Light This City Bio
Laura Nichol - vocals Mike Dias - bass Brian Forbes - guitar Nick Koenig - guitar Ben Murray - drums
Genres
Twenty years ago, the San Francisco Bay Area was Ground Zero for the extreme metal scene. Metallica, Exodus, Testament and many others were the progenitors of a sound that has endured to this day--albeit in a number of modified forms--and remains the modern sound of metal. Light This City are acutely aware of the musical history of their Bay Area roots and, since their 2003 debut The Hero Cycle, have endeavored to create a sound that not only to pays homage to the originators, but also incorporates the extreme sounds of death metal and the lyrical honesty and passion of hardcore. Some may call it metalcore, but Light This City have taken a different angle on the genre with their unabashedly old-school influences.
The trio of vocalist Laura Nichol, bassist Mike Dias and drummer Ben Murray first formed Light This City in 2002 based on a shared interest in both the melodic death metal of bands like At the Gates and the classic thrash metal of Metallica and Megadeth. After extensive touring and the recording of The Hero Cycle with an early lineup that included two different guitarists, the band solidified things with the addition of Brian Forbes and Nick Koenig.
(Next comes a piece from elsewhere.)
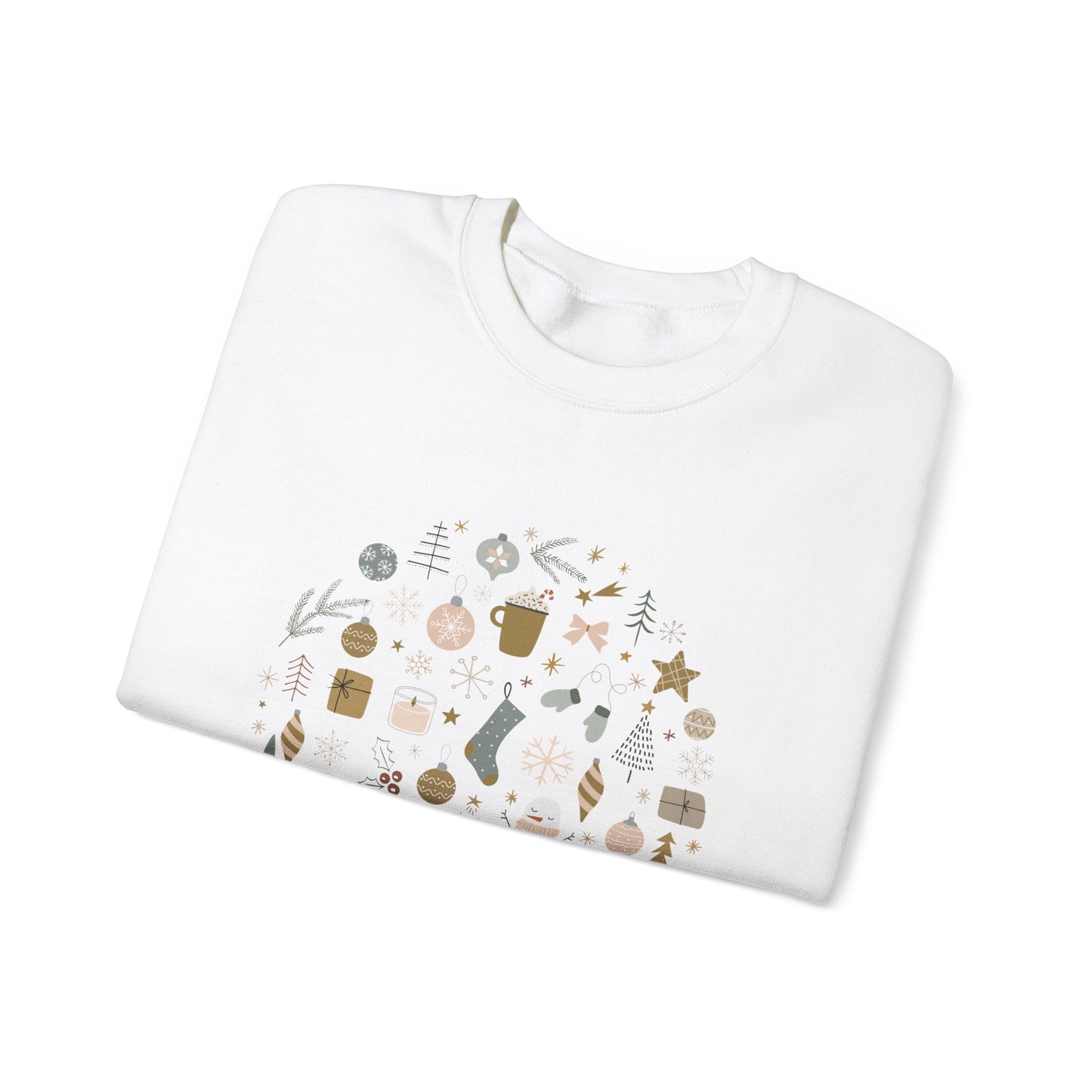 Unisex Heavy Blend Crewneck Sweatshirt Festive Holiday Round Collage 🎄☃️❄️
In 2005 this quintet became Prosthetic Records' latest signing and delivered to the label an album that fulfills the potential that its debut suggested. Remains of the Gods, Recorded by Zack Ohren at Castle Ultimate Studios in Oakland, is 34 minutes of unrelenting intensity. Murray’s complex songwriting combined with Nichol’s engraged roar takes metalcore to places it's never been before. Rather than relying solely on Maiden-esque guitar interplay to inject melody into their bludgeonous songs, Light This City instead offer up a punishing fistful of melodic speed metal riffs--think Metallica's Ride the Lightning or Exodus' Bonded By Blood--to create a brutal sound that never needs to devolve into a math-metal cacophony or aimless blast beats just for the sheer sake of proving its intensity.
Remains of the Gods is the rare record that takes liberally from the past, without neglecting modern influences. And with it Light This City have created an album that not only far surpasses their well-received debut, it quite explicitly defines the band's remarkable sound and simultaneously contributes a new page to the Bay Area's storied history of extreme metal.